But higher interest rates are naturally concerning when leverage is too high. A recession would increase the risk of default.

Having invested successfully through the global financial crisis and other business cycles, the Churchill team understands how to construct an all-weather portfolio. Stress-testing each financing opportunity before we commit is critical. By selecting market leading businesses with high free cash flow characteristics in defensive sectors, we are prepared for a recession whether it happens or not.

Count of leveraged buyouts financed in broadly syndicated loans vs private credit markets

Q: Where do you see the opportunities in current environment?

Schwimmer: Our strategy is not opportunistic. We don’t dip in and out of private debt depending on the prevailing macro winds. We partner with companies that are positioned for long-term success throughout the economic cycle.

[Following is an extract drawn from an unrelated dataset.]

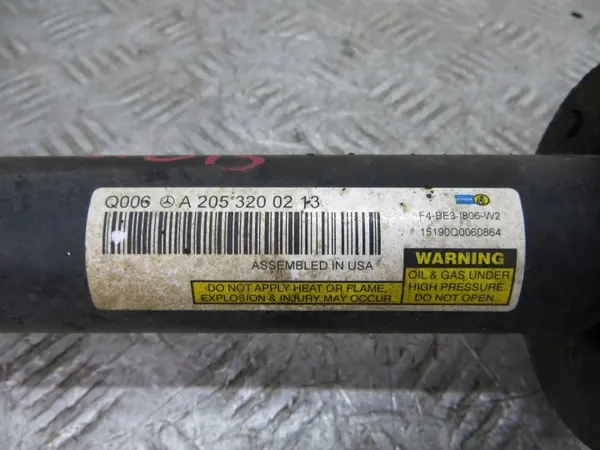 Mercedes W205 Fram Höger Stötdämpare OEM 212/242 image 7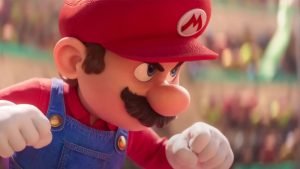 'Super Mario Bros. Movie' trailer shows being a hero isn't all fun and games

They’re typically less cyclical companies in healthcare, software, business services and technology, providing non-discretionary products or services with a large and reliable customer base. So, they are well placed to service interest payments and pay back loans when rates go higher and market conditions get tough.

Even in today’s challenging markets, these better businesses are still commanding near-record purchase price multiples of cash flow. With debt capacity down by at least a turn of EBITDA, private equity buyers need to come up with more cash equity. We have a thriving equity co-investment practice that has further stepped up its activity in this environment.

Q: Tell us about the outlook for your sector.

Schwimmer: Private credit is now an essential source of financing to middle market companies (those with EBITDA between $10 to $100 million). Since the global financial crisis, many banks no longer participate in the direct lending business, and recent regional banking problems in the US are only likely to reinforce that trend.

Higher rates and demand-side challenges in the broadly syndicated market have shifted issuance to direct lenders. Churchill’s investment activity reached a record high in 2022, surpassing 2021 (the most active year ever in the industry) when we invested $11 billion in over 375 transactions across senior lending, junior capital, equity co-investments and private equity fund commitments. As rates moderate longer-term, we expect some rebalancing to liquid loans for large-cap, rated issuers.

That sector is a growing source of attractive risk-adjusted returns and diversification for investors. Pricing is much more attractive with the increase in rates and wider spreads, leverage multiples are lower and financing terms for lenders have improved.

Q: You’ve discussed the macro issues. What other risks should investors be aware of, and how can they manage them?

Schwimmer: Investors need to be sure that the opportunities match their risk and return expectations, and are at the scale they require.'

Partner with a private credit manager who can source a wide range of deals across sectors and deal types, and who has an established track record proving they can invest through an entire market cycle with a consistent philosophy and approach to unlocking value.